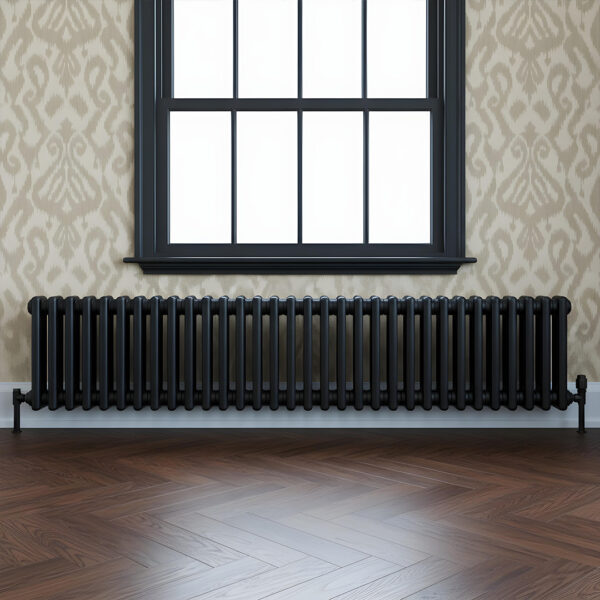 Torino Black three column traditional Steel designer radiator horizontal | Bathshed | delivery Ireland and the uk
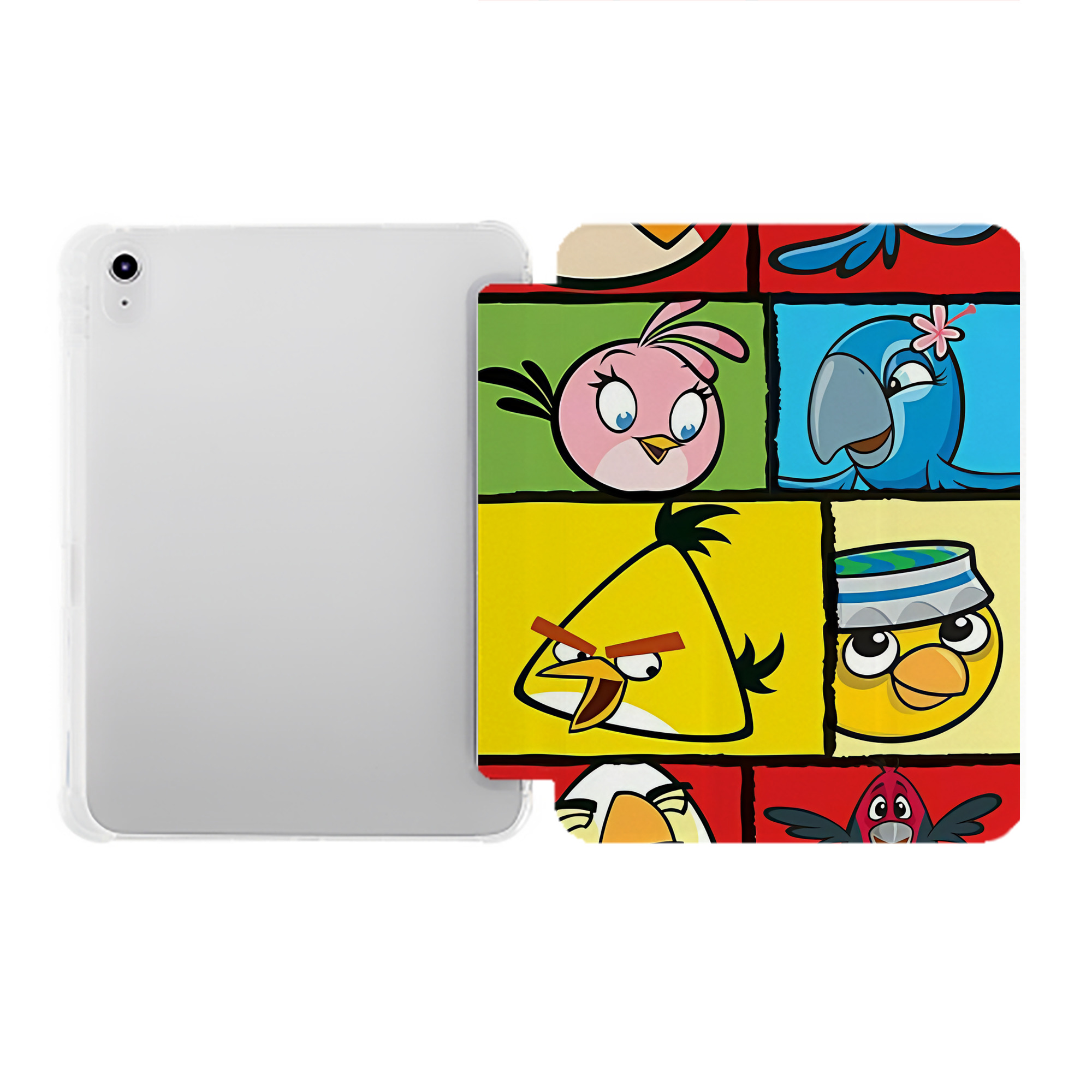 （画像用） Angry Birds アングリーバード IPad ケース ペン収納付き 三つ折りスタンド PUレザー×シリコン 対応機種9.5/10.5/10.9インチ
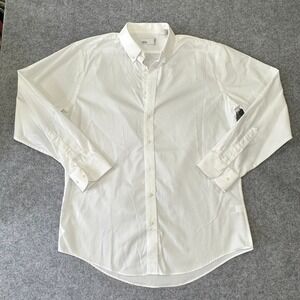 Nordstrom Rack Mens White Pima Cotton Trim Fit Non-Iron Dress Shirt 16.5 34/35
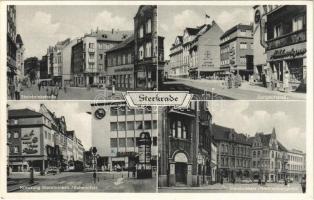 1957 Oberhausen, Sterkrade, Steinbrinkstraße, Bahnhofstraße, Löwen Apotheke, Kreuzung Steinbrinkstr./Bahnhofstr., Brandenburgstraße / street view, pharmacy, shops, tram, automobile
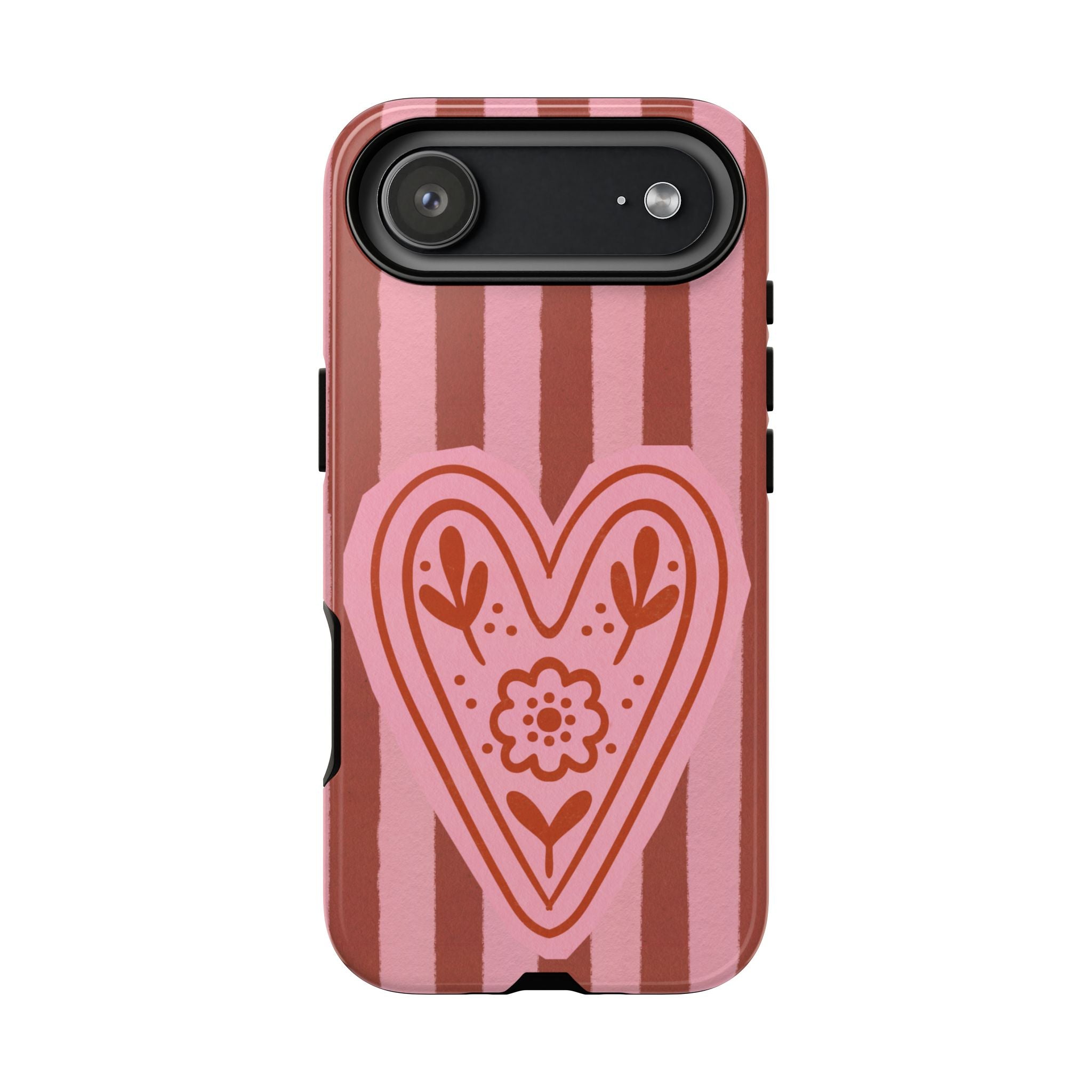 Pink Heart Phone Case — Striped Floral Heart Protective Phone Cover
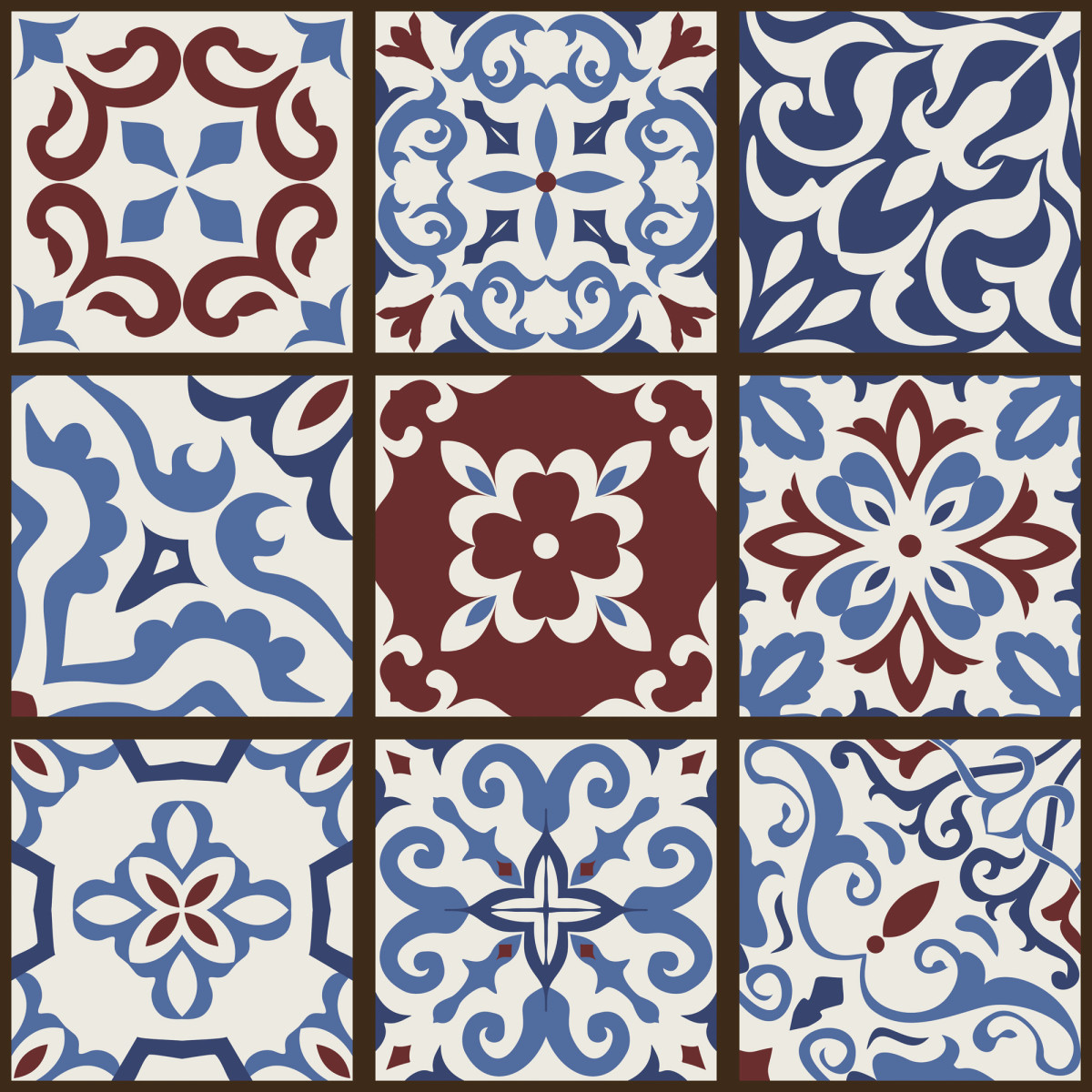 Flower motifs and crosses, encaustic tiles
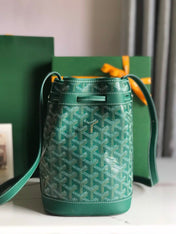 PETIT FLOT BUCKET BAG 22 IN GREEN GOYARDINE CANVAS AND LAMBSKIN TRIM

──────────

From the listing above, repeat only the lines between the line containing "Nordstrom Rack Mens" and the line containing "shops, tram, automobile", those two included. Pictures are not part of the copy.

* [Written answer]
 Nordstrom Rack Mens White Pima Cotton Trim Fit Non-Iron Dress Shirt 16.5 34/35
 1957 Oberhausen, Sterkrade, Steinbrinkstraße, Bahnhofstraße, Löwen Apotheke, Kreuzung Steinbrinkstr./Bahnhofstr., Brandenburgstraße / street view, pharmacy, shops, tram, automobile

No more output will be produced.